Where an entry contains a picture, omit the picture and repeat the rest exactly.

+ + +

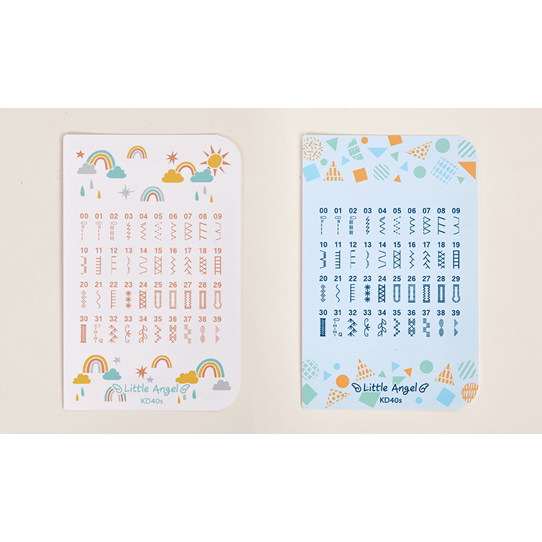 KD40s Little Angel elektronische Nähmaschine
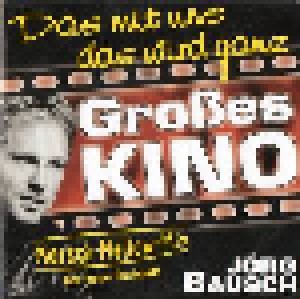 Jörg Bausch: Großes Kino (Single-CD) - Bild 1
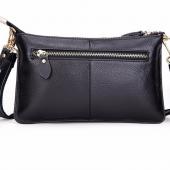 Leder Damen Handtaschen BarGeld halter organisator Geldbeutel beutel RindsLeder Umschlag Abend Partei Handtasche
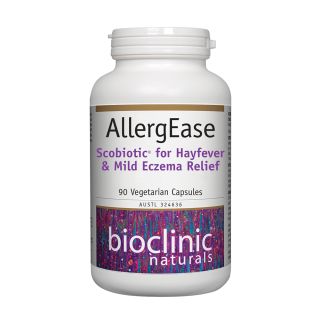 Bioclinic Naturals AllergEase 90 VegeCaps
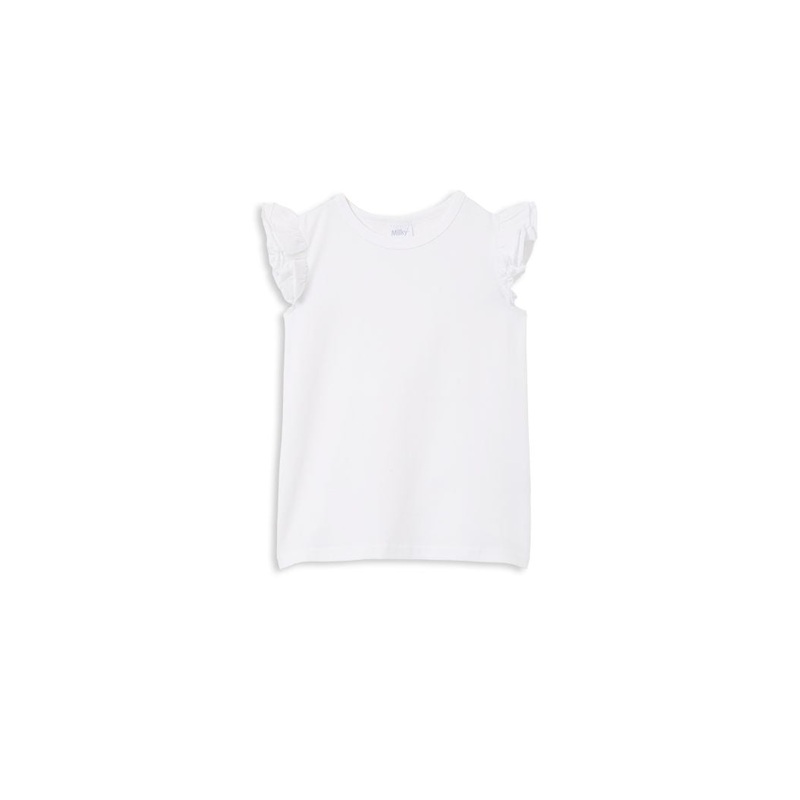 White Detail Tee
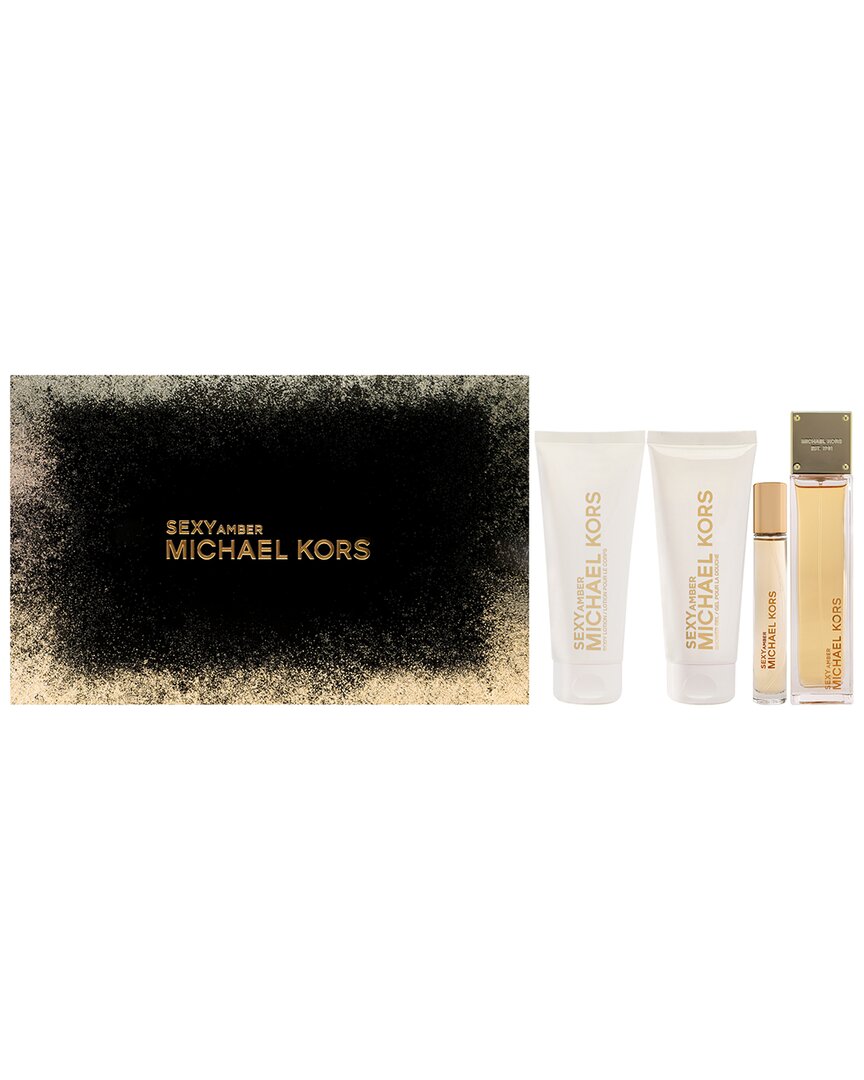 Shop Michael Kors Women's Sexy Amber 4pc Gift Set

+ + +

* YOUR SOLUTION
 KD40s Little Angel elektronische Nähmaschine
 Jörg Bausch: Großes Kino (Single-CD) - Bild 1
 Leder Damen Handtaschen BarGeld halter organisator Geldbeutel beutel RindsLeder Umschlag Abend Partei Handtasche
 Bioclinic Naturals AllergEase 90 VegeCaps
 White Detail Tee
 Shop Michael Kors Women's Sexy Amber 4pc Gift Set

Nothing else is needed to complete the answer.